Contact: John Abbott
It looks like Liquid Computing will be the latest hardware startup to shut down due to a lack of funding. The former high-performance computing vendor, founded in 2003, had raised $50m of VC funding over three rounds. Its C round of $8.3m closed as recently as last summer, and was intended to fund a shift in emphasis toward ‘unified computing’ and the development work required to eliminate proprietary hardware so that the Ottawa, Canada-based company’s Liquid Elements software would run instead on industry-standard, Intel-based servers.
However, investors ATA Ventures, Axis Capital, the Business Development Bank of Canada, Export Development Canada, Newbury Ventures and VenGrowth, along with private investor (and chairman of the board) Adam Chowaniec, were apparently unwilling to put in a further funding round, despite all the activity around unified computing stirred up by Cisco Systems and Hewlett-Packard. CEO Vikram Desai and the majority of the 50 employees have left the company. Efforts are being made to sell the intellectual property, though it’s not clear who the likely buyers might be. Cisco, Dell, HP, IBM and Oracle/Sun have already set their own technical directions in this area and are unlikely to be interested.

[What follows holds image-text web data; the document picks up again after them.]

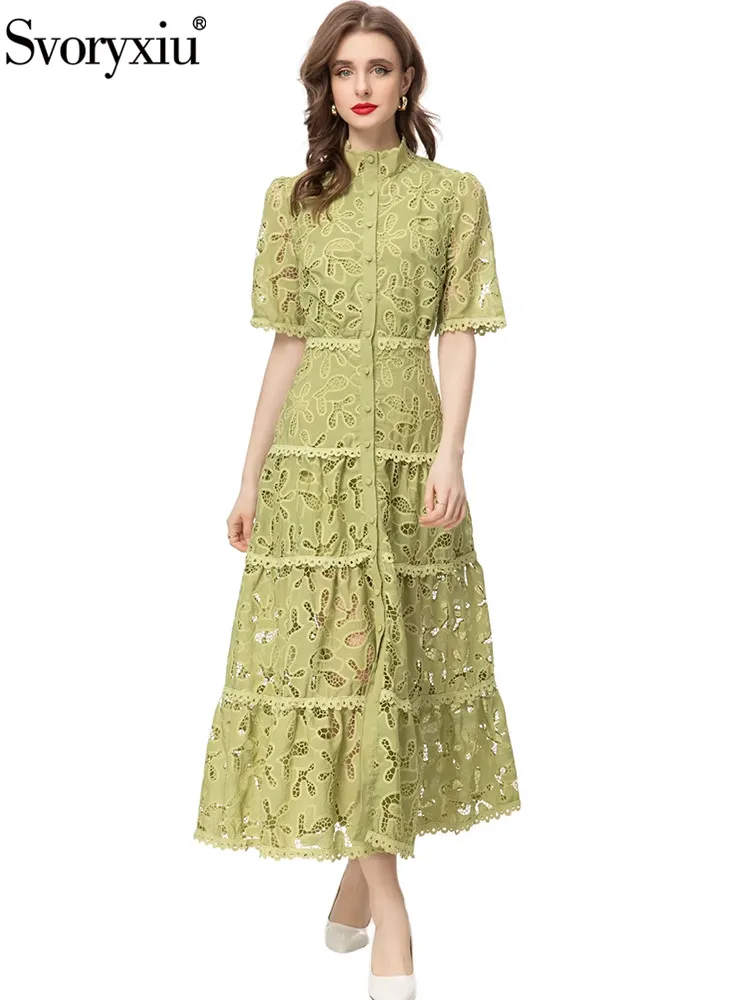 Svoryxiu Fashion Designer Autumn Party Army Green Long Dress Women's Stand Collar High Waist Hollow Out Embroidery A-Line Dress
Svoryxiu Fashion Designer Autumn Party Army Green Long Dress Women's Stand Collar High Waist Hollow Out Embroidery A-Line Dress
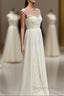 Sheer Cap Sleeve Open Back Wedding Dress
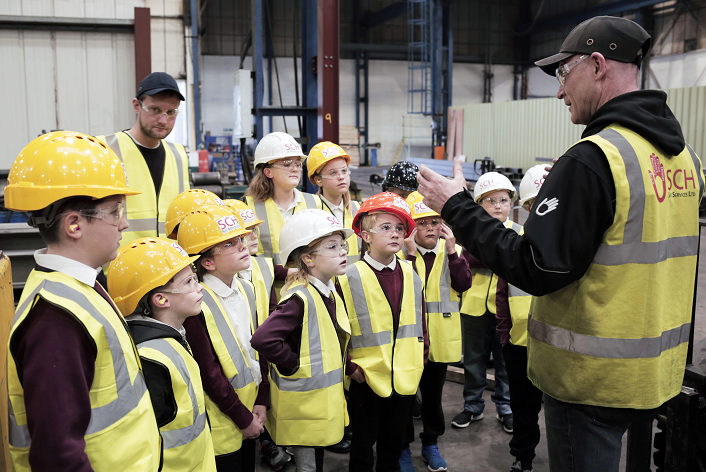 Children from Vane Road Primary School in Newton Aycliffe get an exclusive look of steel being fabricated which will construct their new school, set to open in autumn 2018 (pictures by Stuart Boulton).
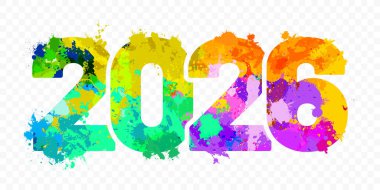 Saydam arkaplandaki renkli boya lekelerinden yaratılan 2026 sayılı yazı - Mutlu yıllar sembolü. Vektör illüstrasyonu.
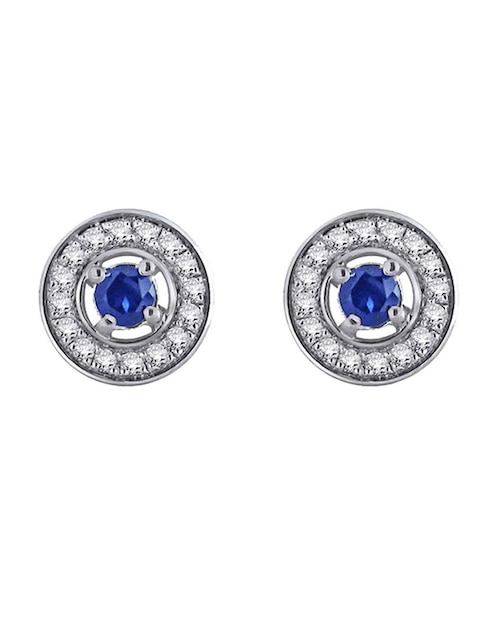 Aretes redondos Fascinare Clara de oro blanco con acabado pavé zafiro y diamante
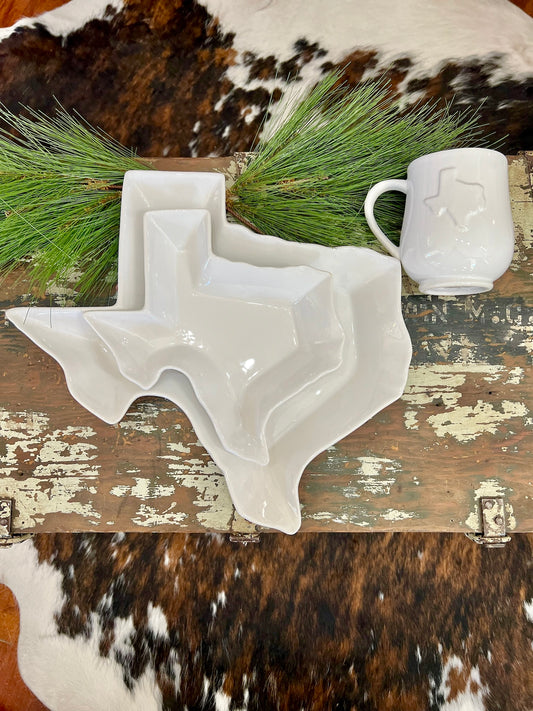 Large White Texas Shaped Platter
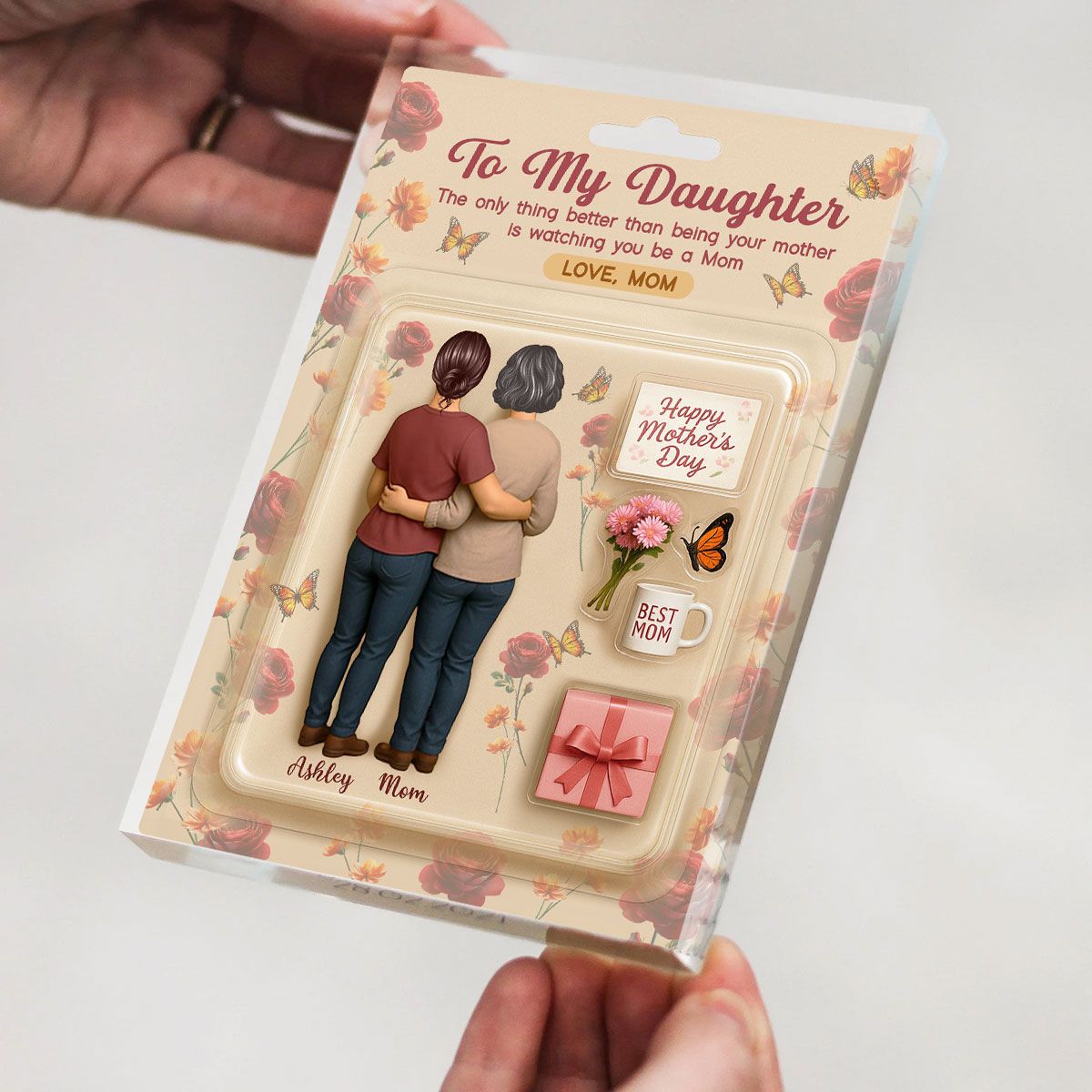 To My Daughter From Mom Birth Flowers Custom Figure Personalized Acrylic Block Plaque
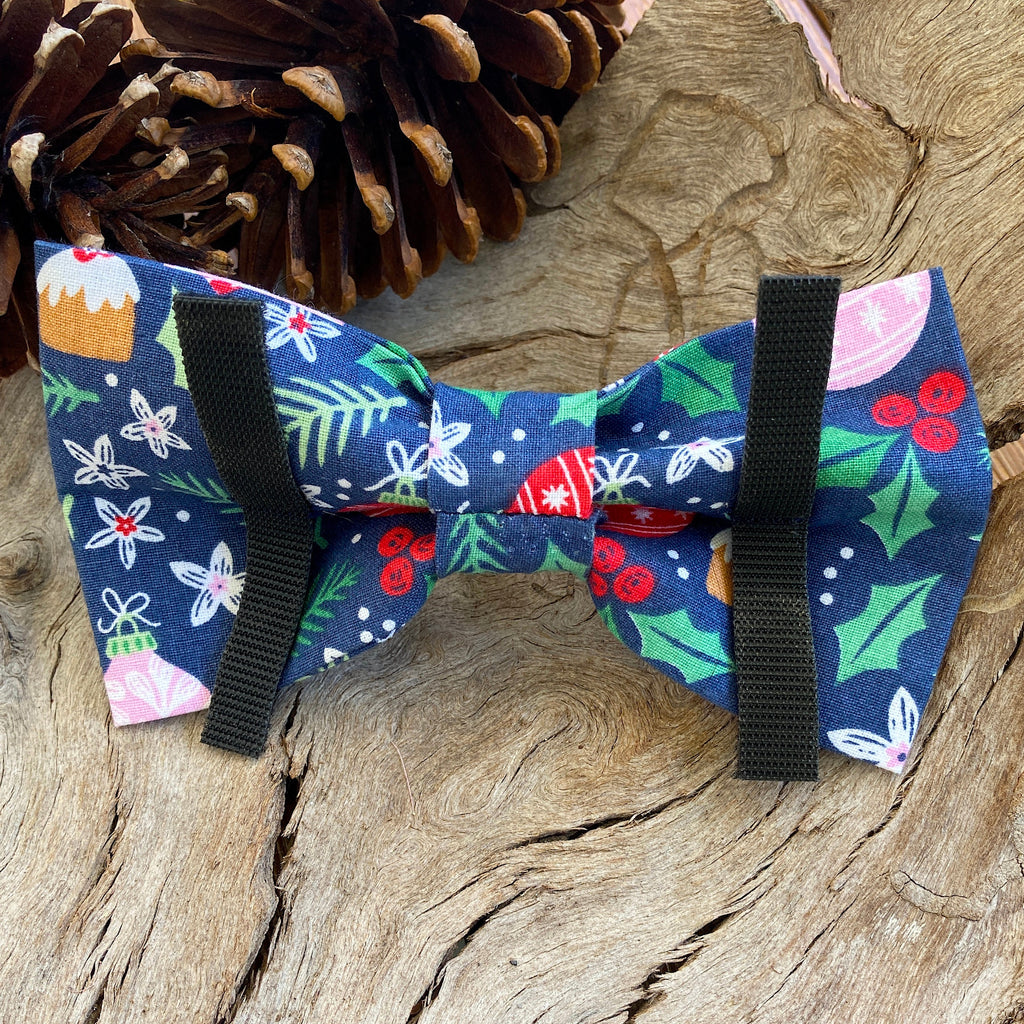 Xmas Dog Bandana, Blue Baubles Fabric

Previous hardware-oriented startup casualties include Fabric7, Panta Systems and SiCortex – the latter lasted until June 2009 until its VCs similarly lost their nerve. And at the end of last year Verari Systems also ran out of money; its assets were acquired by founder Dave Driggers and the vendor has since reemerged as Verari Technologies. PlateSpin (acquired by Novell in February 2008 for $205m) and RLX Technologies (acquired by HP in October 2005 for an estimated $25m) were both operating in a similar area to Liquid, and all made a similar shift away from their original hardware roots over to software. Egenera and Racemi have also turned themselves into pure software providers and have so far retained their independence.